Sunday, July 09, 2017

Incoming Books: July 5 and 8

I've been on vacation this past week, which means I've been doing things with family members. (Pesky family members, wanting to spend time with you and not just let you read and play video games all the time.)

I was able to turn two of those things into at least partial book-shopping expeditions: a trip into NYC with my older son to see whatever we could get cheap at TKTS [1] that sidetracked to a comics store, and The Wife's trip to a casino (The Sands Bethlehem), to which I accompanied her so she could do a little gambling (she won $6!) and I could investigate a couple of used book stores nearby (The Old Library Shop in Bethlehem and Now and Then Books in Emmaus).

These are the books I found there, already arranged basically in the order that they will go onto my shelves as soon as I stop typing here:

The Nudist on the Late Shift by Po Bronson -- Bronson's first novel, Bombardiers, is one of the great novels of the last 20 years, and a strong contender to be the Catch-22 of Gen X. For whatever reason, Bronson moved sideways from novels (after only one more) into reportage, with what always looked like squishy New Age-y affirmation-based pablum. This was the transition book, which I never read: the reported book about the first Silicon Valley tech boom that came before he dove into things like What Should I Do With My Life? So I decided to finally check it out.

The Amazing Adventures of Kavalier and Clay by Michael Chabon -- I had a copy of this for years, but it was a big, bulky hardcover, and I don't often get to big books that I missed when they were published. But I've liked several Chabon things, and this book intersects several of my fandoms (comics, SF, good writing), so I probably should read it someday.
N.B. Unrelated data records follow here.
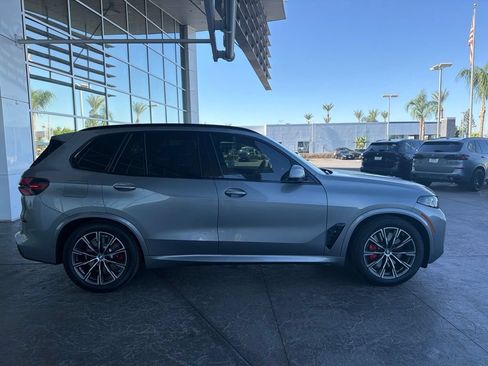 Used 2024 BMW X5 xDrive50e w/ M Sport Package AWD/4WD image 3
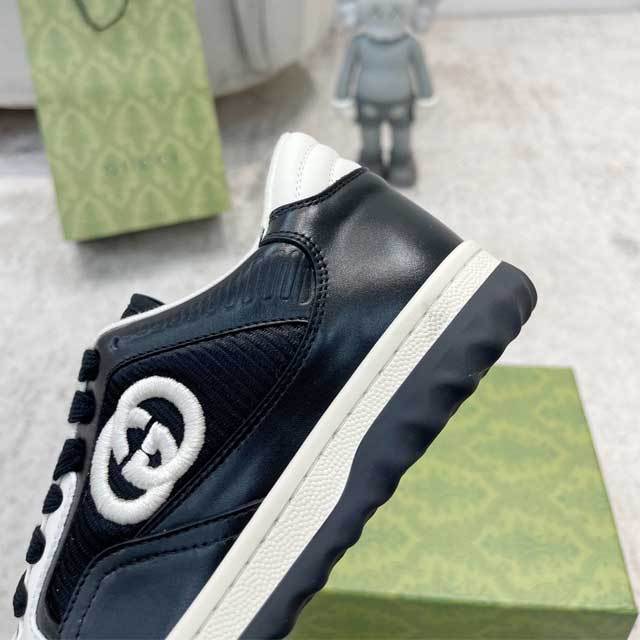 Fashion Embroidery Casual Sneakers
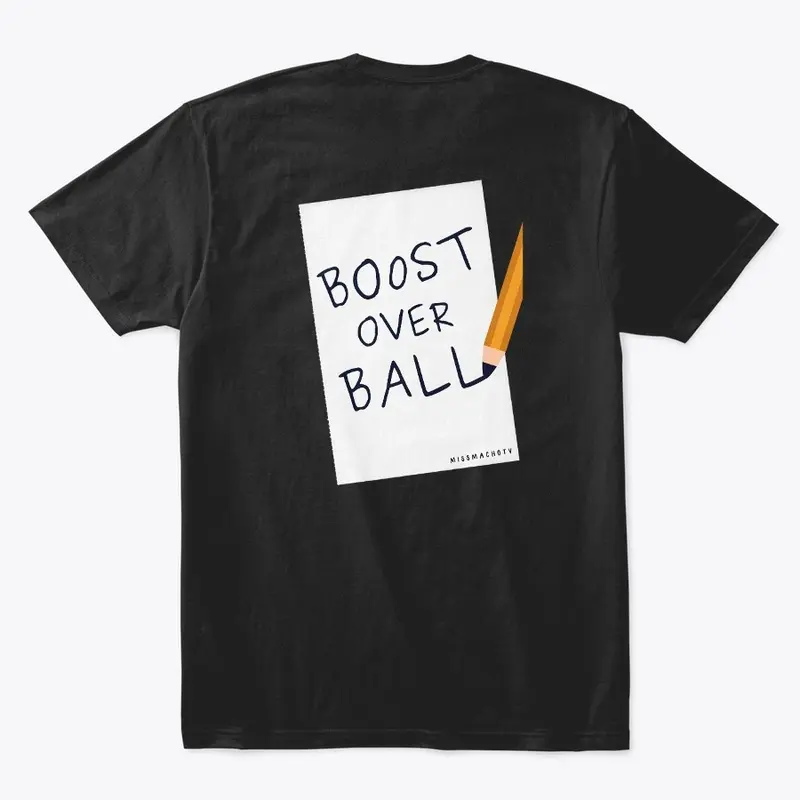 Boost > Ball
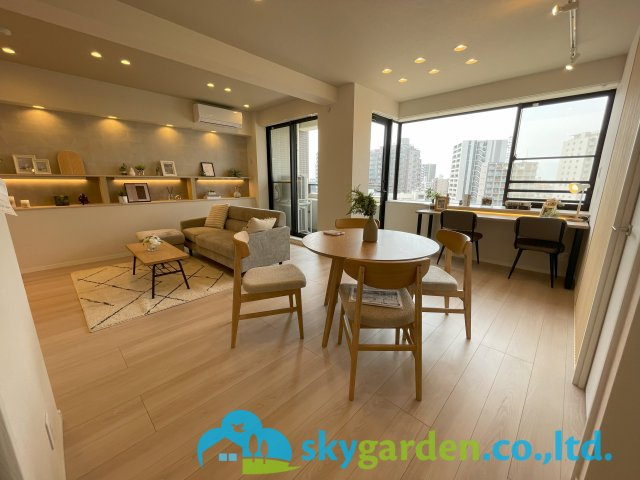 ダイアパレス湘南藤沢Ⅱの外観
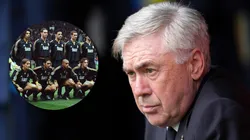 Carlo Ancelotti tendrá que romper la historia para que Real Madrid llegue a semis.
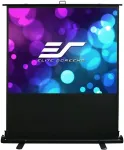 Elite Screens | F107XWH2 | Diagonal 107 " | 16:9 | Black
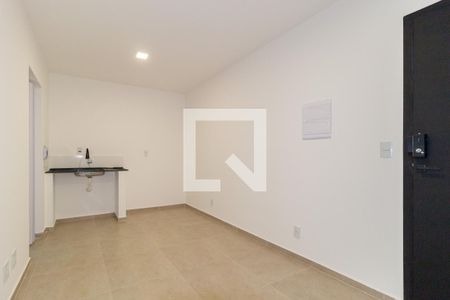 Sala/Quarto de kitnet/studio para alugar com 1 quarto, 20m² em Mooca, São Paulo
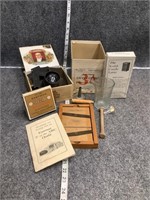Old Kodak Printing Equipment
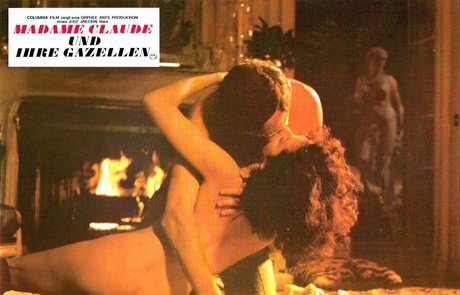 Dayle Haddon nudes model img
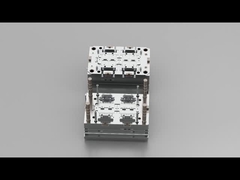 O suporte de carregamento da caixa do fone de ouvido (1*4)/o corredor/placas frios moldam No.24201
Hershey by Michael D'Antonio -- a biography of Milton Snavely [2] Hershey, the man behind the chocolate, the amusement park, and the school for orphans. The family makes a pilgrimage to Hersheypark every summer, and I just might read this book for that trip this year.

The Road to Wigan Pier by George Orwell -- I don't think I've read this. And I keep wanting to read more Orwell nonfiction.

Enter Jeeves by P.G. Wodehouse -- a cluster of early Jeeves-and-Wooster stories that aren't (I think) in any of the other collections, possibly because they were mined for later novels, along with the complete "Reggie Pepper" stories. Mr. Pepper is, of course, a proto-Bertie.

The Luck of the Bodkins by P.G. Wodehouse -- another one of those lovely little small Overlook hardcovers, of which I am intending to collect the lot.

Bad Machinery Vol. 7: The Case of the Forked Road by John Allison -- Latest in the ultra-excellent webcomics series, collected into a book form for handy reading offline. Every house requires a full set.

Books, Books, Books edited by S. Gross and Jim Charlton -- a bunch of single-panel cartoons about books and reading, which I don't think I've seen or heard of previously.

Betty Boop by Roger Langridge and Gisele Lagace -- the creator of Fred the Clown (and creator of a whole bunch of great Muppets comics, among other interesting and nearly-random things) teams up with the creator of Menage a 3 to tell a story about a '20s cartoon character. Why not?

Hellboy: Into the Sunless Sea by Mike Mignola and Gary Gianni -- I think this is a flashback story, set when Hellboy was actually alive and on Earth, but I could be wrong.

National Lampoon's Truly Sick, Tasteless, and Twisted Cartoons -- I don't know if I had a copy of this edition, but I know I've had various collections of NatLamp cartoons, so I'm expecting a bunch of this will be familiar. But NatLamp did have a lot of great cartooning (as well as a lot of gross-outs for gross-outs sake), so it'll be fun to poke through that again.

Demon, Vol. 2 by Jason Shiga -- I kept waiting for this to end as a webcomic, so I could read it all the way through. But now I think I'm waiting for all four volumes of the book collections to be published, so I can read them straight through. This may mean I am essentially a Luddite; if so, I'm OK with that.

Saga, Vol. 7 by Brian K. Vaughan and Fiona Staples -- I haven't loved the last couple of volumes as much as the beginning, but I still want to see what's going on. That's a good sign, right?

Skeleton Key: The Celestial Calendar and Skeleton Key: Roots by Andi Watson -- volumes 2 and 5 of this early series by a creator I like a lot. Once I find all of the volumes (they're from the late '90s, from a small comics company), I expect to read them all through.

And last is Glister, also by Andi Watson -- a big fat collection of stories that I think I only saw the three of, the first time around. New stuff from a favorite creator is an excellent thing.

[1] The Play That Goes Wrong, which is screamingly funny and only very slightly marred by a little structural sexism issue near the very end. Considering it was the first play written by three of the cast members when they were drama students, it's amazingly good. And, again, almost continuously laugh-out-loud funny starting about 15 minutes before the curtain time.

[2] We have a not-entirely-formed family legend that Hershey actually had an evil twin -- that would be Snavely -- who eternally tries to tear down the works of the noble Milton.